#### ABOUT THIS EXERCISE:
Drop the pictures and extract exactly the lines from the one that contains "Chiefs vintage style sweatshirt" through the end of the material.

#### GIVEN DATA:
|---|

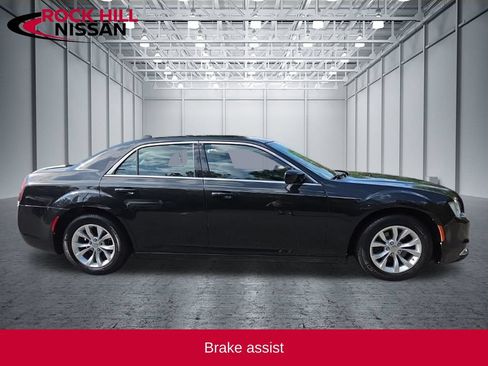 Used 2015 Chrysler 300 Limited RWD image 8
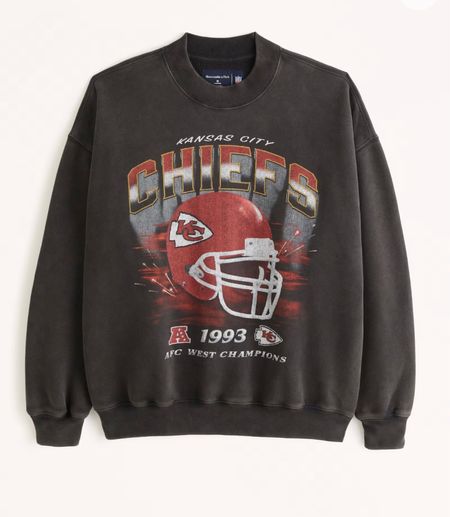 Chiefs vintage style sweatshirt

#LTKunder100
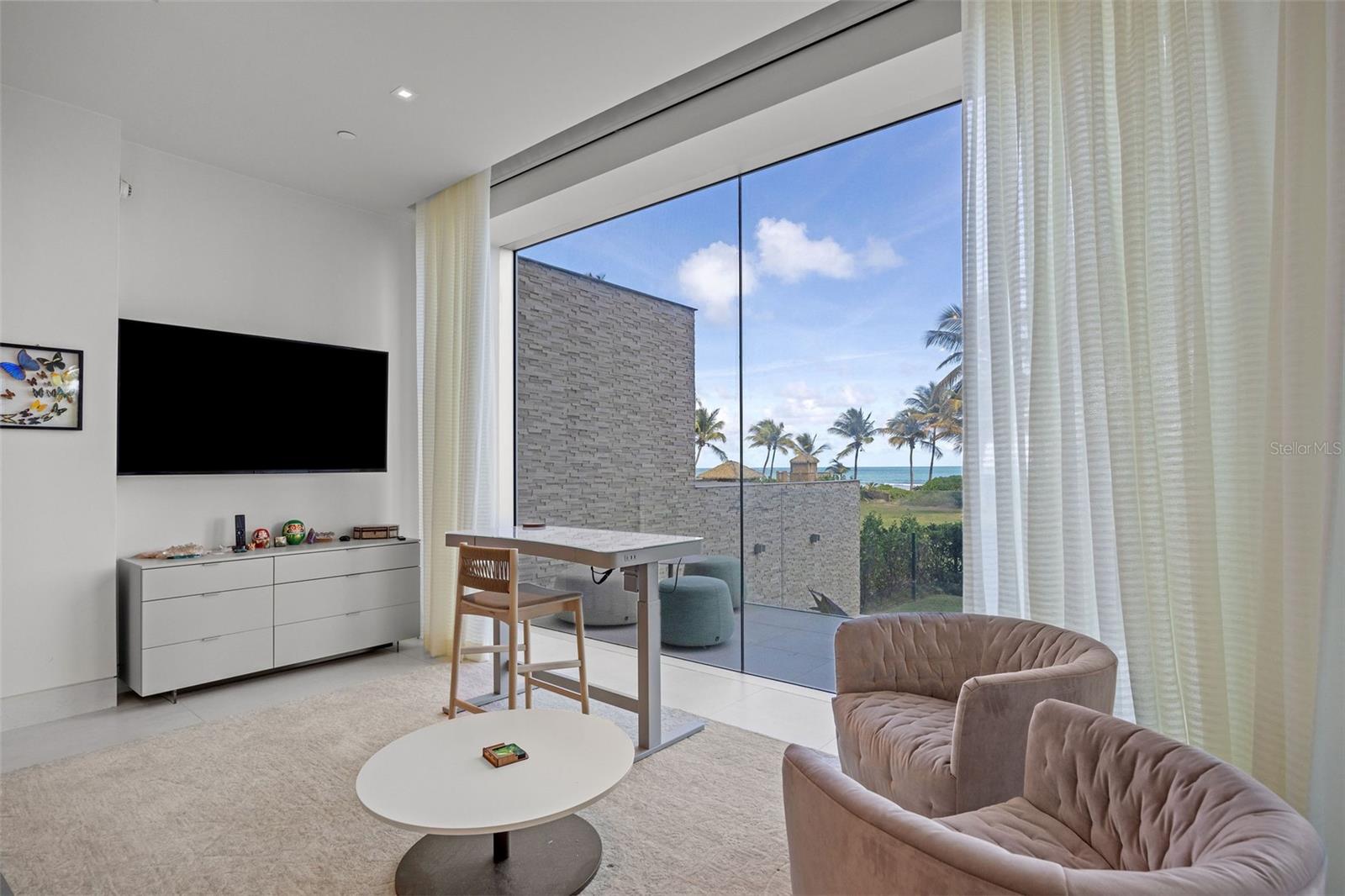 PR9118693 Property Photo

|---|

#### TASK RESULT:
 Chiefs vintage style sweatshirt

#LTKunder100
 PR9118693 Property Photo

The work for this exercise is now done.